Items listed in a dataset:
────────────────────────────────────────

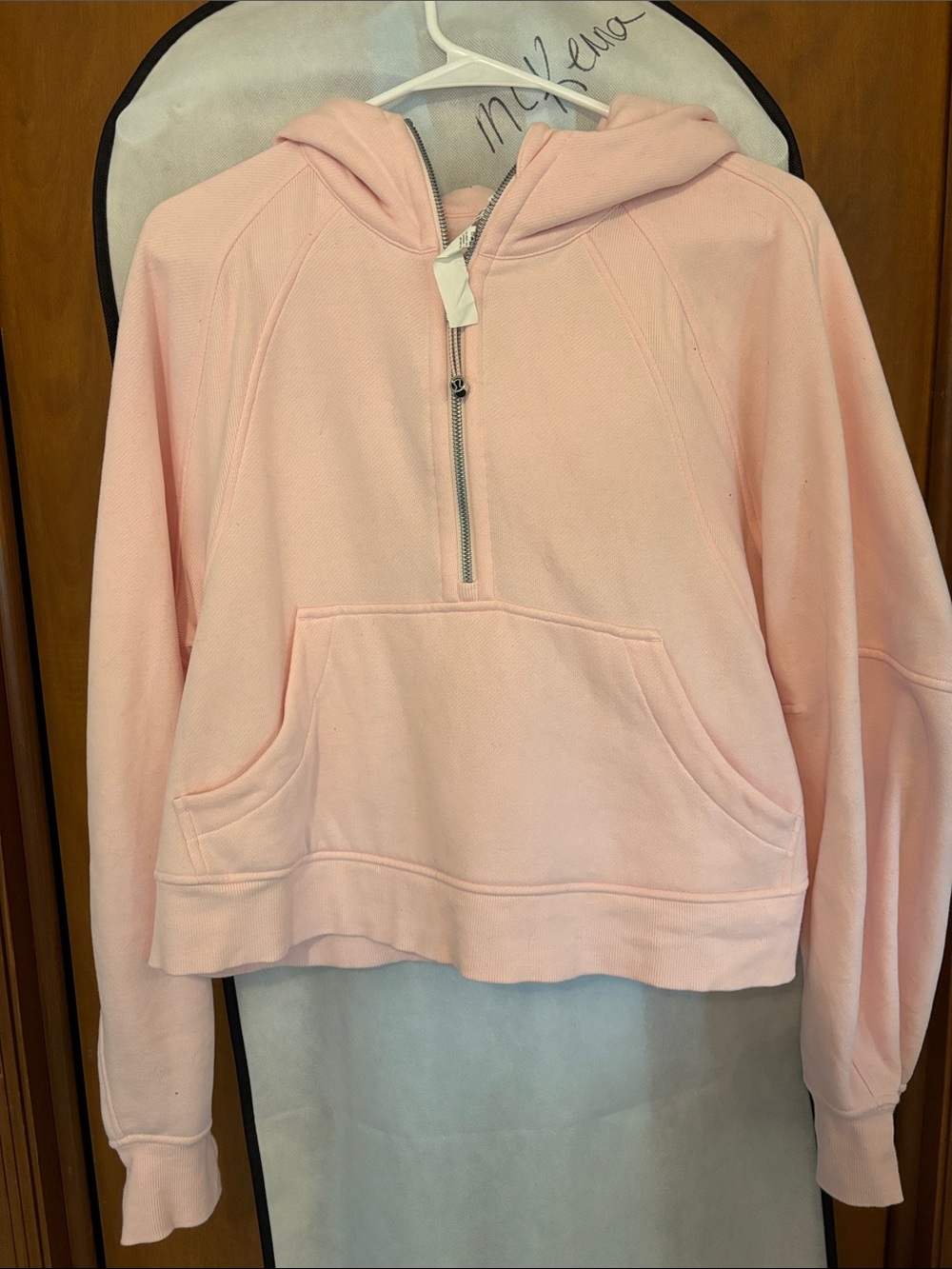 lululemon athletica Light Pink Half-Zip Hoodie Sweatshirt
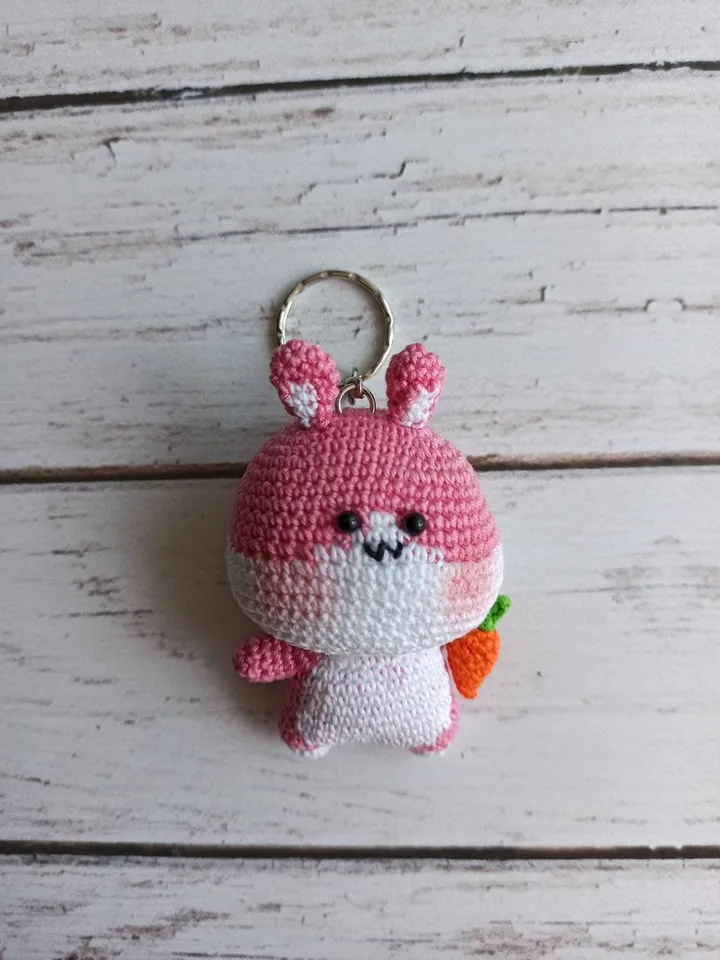Crochet keychain cute bunny, rabbit symbol of the year , bunny Christmas gift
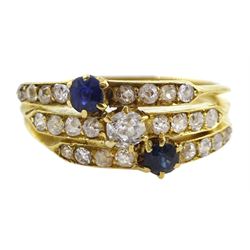 18ct gold diamond and sapphire trinity ring, the central row set with diamonds, the outer two rows set with sapphires and diamonds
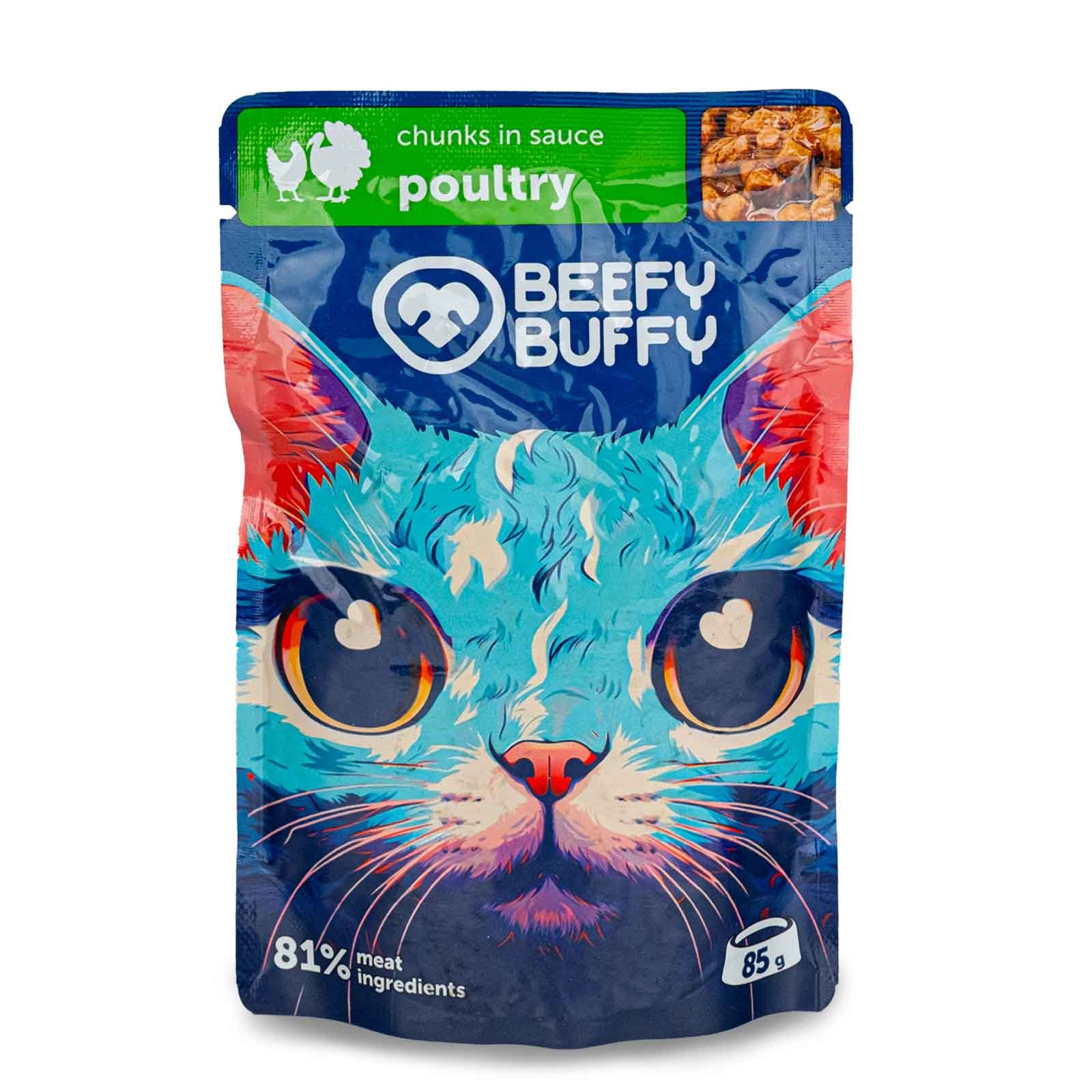 Beefy Buffy Pouch Soslu Kümes Hayvanlı Kedi Yaş Mama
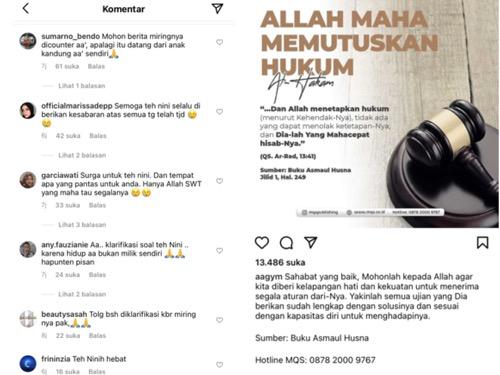 Screenshoot Aagym Netizen membanjiri Instagram sang pendakwah.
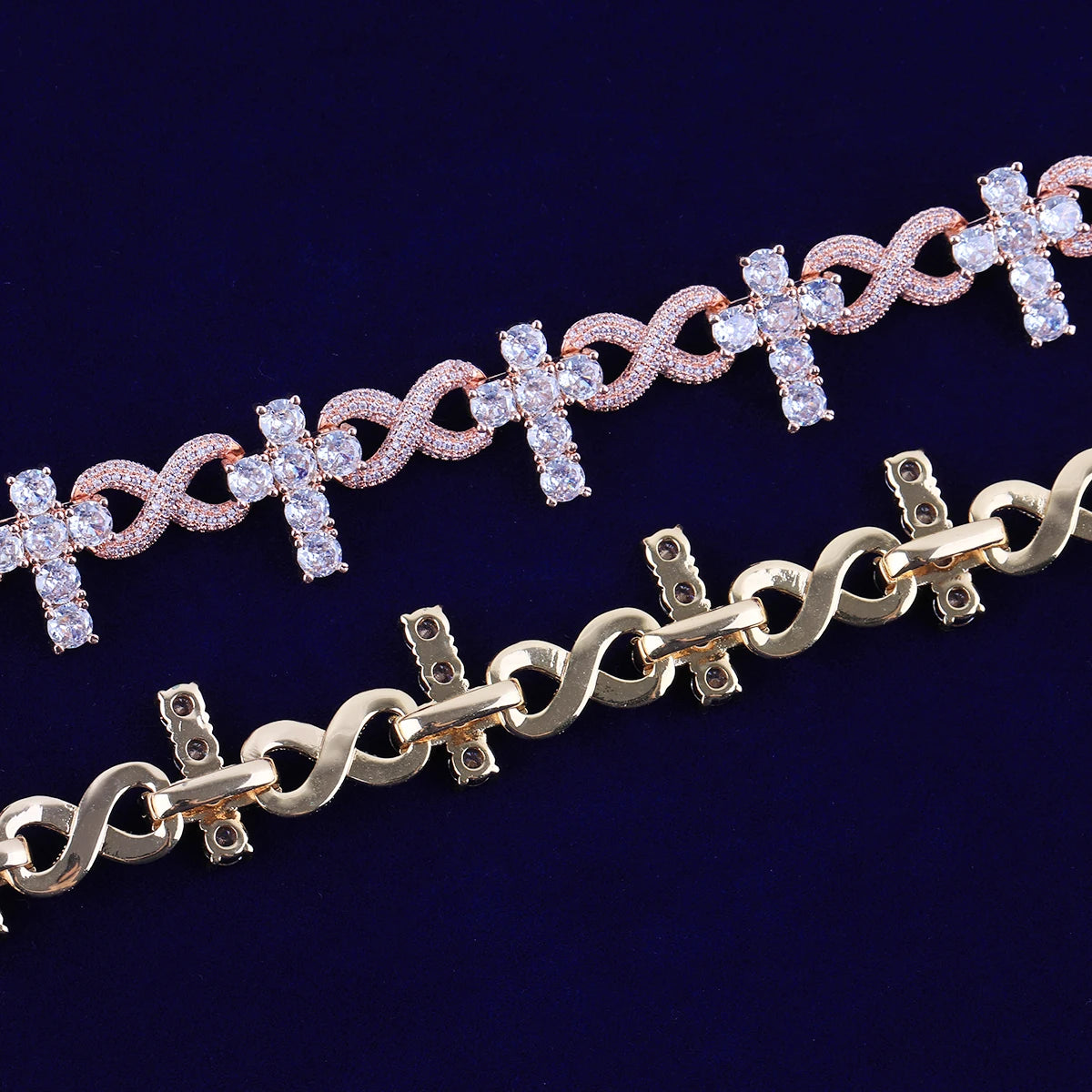 Infinity Tennis Cross Link Bracelet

────────────────────────────────────────

*INSTRUCTIONS TO FOLLOW:*
Begin at the line with "Beefy Buffy Pouch" and end at the last line of the data above. Reproduce those lines exactly, but not the pictures.

*RESULT BELOW:*
 Beefy Buffy Pouch Soslu Kümes Hayvanlı Kedi Yaş Mama
 Screenshoot Aagym Netizen membanjiri Instagram sang pendakwah.
 Infinity Tennis Cross Link Bracelet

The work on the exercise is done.